There are a lot of reasons why people want to limit the pay of CEO’s, investment bankers, and money managers. Most of those reasons are bad. Yes, there is an unseemly disparity in income levels between the top and the bottom, and yes, no one needs to make $1,000,000,000 or more per year managing other people’s money. But limiting income disparity artificially and paying people “according to their needs” are bad ideas; they either remove incentives for achievement that create the wealth of the nation, or they delegate to fallible and corruptible bureaucrats decisions that the market can make in a dynamic and self-correcting manner.

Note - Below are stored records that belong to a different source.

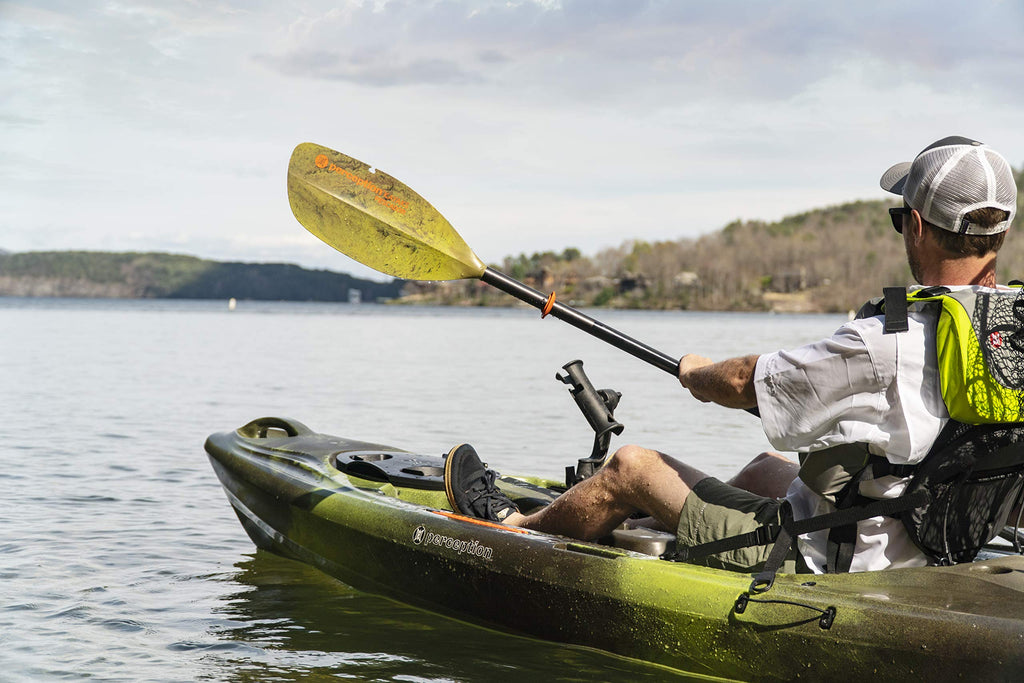 Adjustable Kayak Fishing Paddle 2 Piece Moss Camo D612603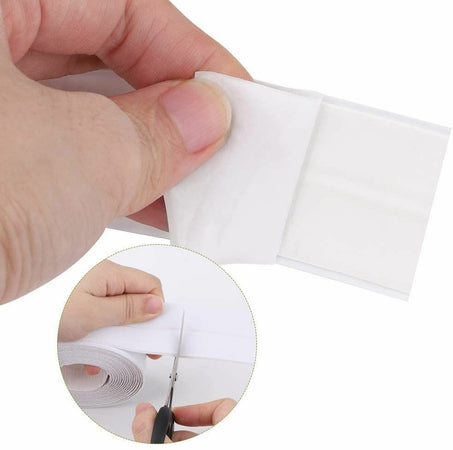 Nastro Sigillante Pieghevole Impermeabile Antimuffa Per Bagno Cucina 3.4 Mt Bianco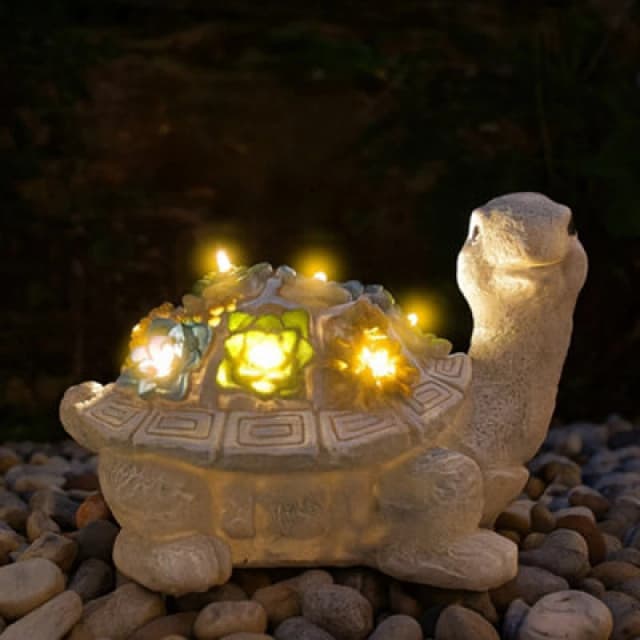 ILFD Group Ltd Solar Turtle Garden Ornament 25Cm / 10"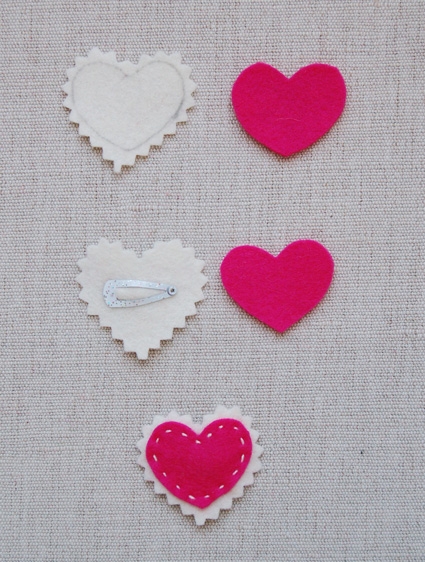 Valentine Heart Barrettes | Purl Soho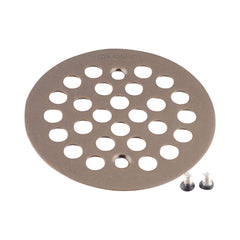 Moen 101664ORB Kingsley 4-1/4 in. Round Shower Drain Cover with Screw Oil Rubbed Bronze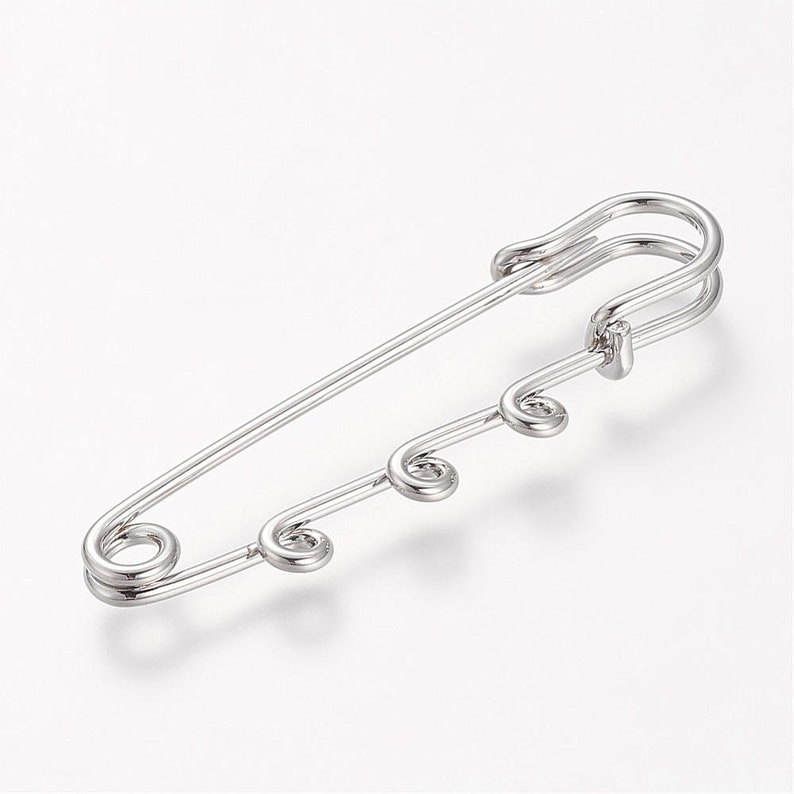 Safety Pin With Loop Charm Pin Safety Pin for Charms Etsy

But there is a second-order consequence of limiting pay. The current pay regime allegedly creates incentives to risky behavior – behavior of a sort that could bring down the financial system and the economy. If the claim is true – it is just a claim – then one needs to consider effectively limiting those incentives, and if limiting those incentives involves limiting pay, then that’s just how that cookie crumbles. One need not have a socialist bone in one’s body to want to protect our economy from collapse.

So, two questions arise. First, is economy-threatening risk-taking a product of the opportunity to make a ton of money risking other people’s money? And, second, if so, what should we do about it.

I can’t answer the first question. I can only say that I would entertain the possibility, and until I know the answer, I wouldn’t oppose efforts to limit compensation on principle.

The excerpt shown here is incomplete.